Be extra careful with existing tile. Breaking just a few tiles may require replacing the entire floor. But, if DIYers are careful, they can simply remove and replace the grout for a fresh new look without purchasing new tile.
7. Be Your Own Designer
Interior designers are almost always worth their cost, but they don’t always fit into the budget. Instead of overextending yourself for a designer, you can handle this job’s design element yourself. But don’t blindly do so either. Take some time to learn about bathroom interior design by reading up on the topic with a book such as the National Kitchen and Bath Association’s Guidelines and Access Standards (available on Amazon).
It’s also important to recognize that designers are worth the money. They sometimes pay for themselves, as they have access to discounts and supplies that homeowners don’t.
8. Focus on Fixtures
Sometimes, replacing the bathtub, shower, or sink are outside of the budget. While these items do make a huge impact, it still is possible to breathe new life into a bathroom with new shower valves or faucets like the Luxice Automatic Touchless Sink Faucet, a favorite in our guide to the best bathroom faucets. Bright, shiny fixtures will give the room a fresh look without the cost of labor to replace sinks, vanities, or showers.
9. Consider Open Shelving
If the bathroom feels like it’s missing something but putting a finger on it feels tough, consider adding open shelving. Adding a few open shelves provides the perfect space for folded towels and knickknacks, which gives DIY designers more surfaces and styles to work with for adding plants and fresh decor.

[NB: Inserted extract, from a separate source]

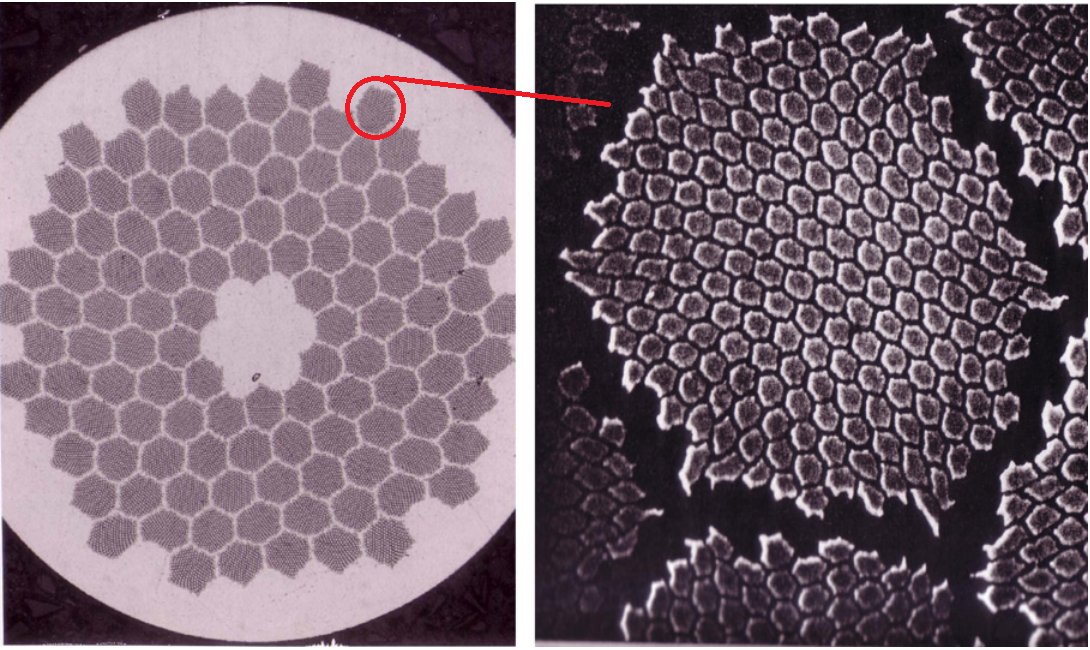 Sol tarafta gördüğünüz 0.8 mm çapında süperiletken NbTi tel, toplamda 50.000 adet 2.6 mikrometre çapında filament içeren yüzlerce petekten (sağda gösterilen) oluşmaktadır. Saç telinden yaklaşık 10 kat kalın olan soldaki tel üzerinden yaklaşık 7000 Amper akım geçirebilir. Muazzam!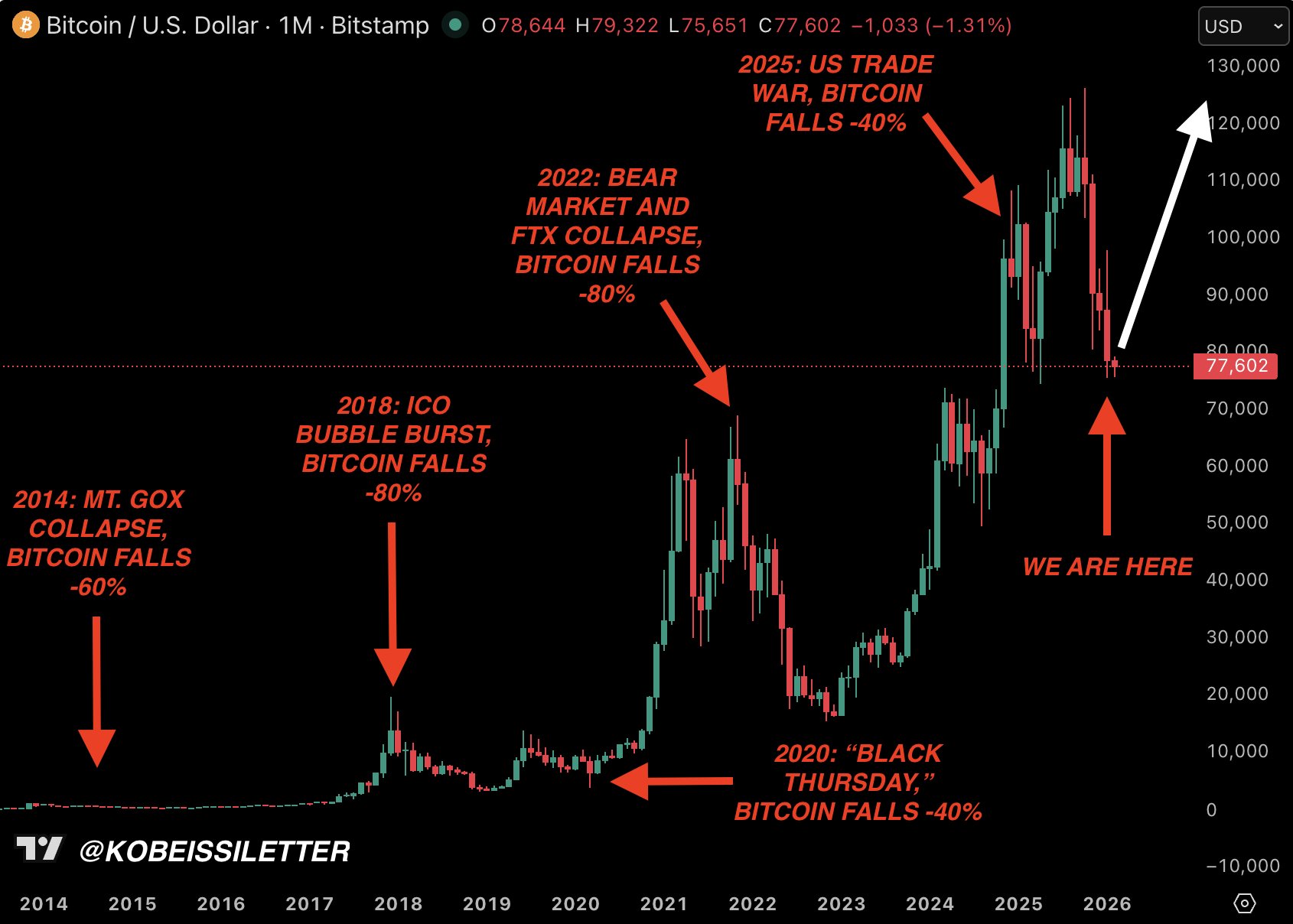 Bitcoin price history bull bear market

Keep in mind that anything placed on an open shelf needs constant attention. Aside from the frequent tidying or dusting, adding a shelving unit in the corner or floating shelves on a wall may be just the design trick a bathroom needs.
10. Set a Firm (and Realistic) Budget
No project will ever stay on budget if the budget doesn’t exist. Before the project starts, it’s essential to come up with a firm and realistic budget that will help accomplish your goals while leaving room for emergencies or unexpected renovation costs. This buffer or wiggle room is incredibly important. After all, it can be tough to tell when a project might head south, so be sure to leave extra money in the budget.
Also, fight the desire to deviate from the plan and buy more expensive materials than necessary. It can be tempting to spend a little extra here and there, but those additions add up over the course of a project.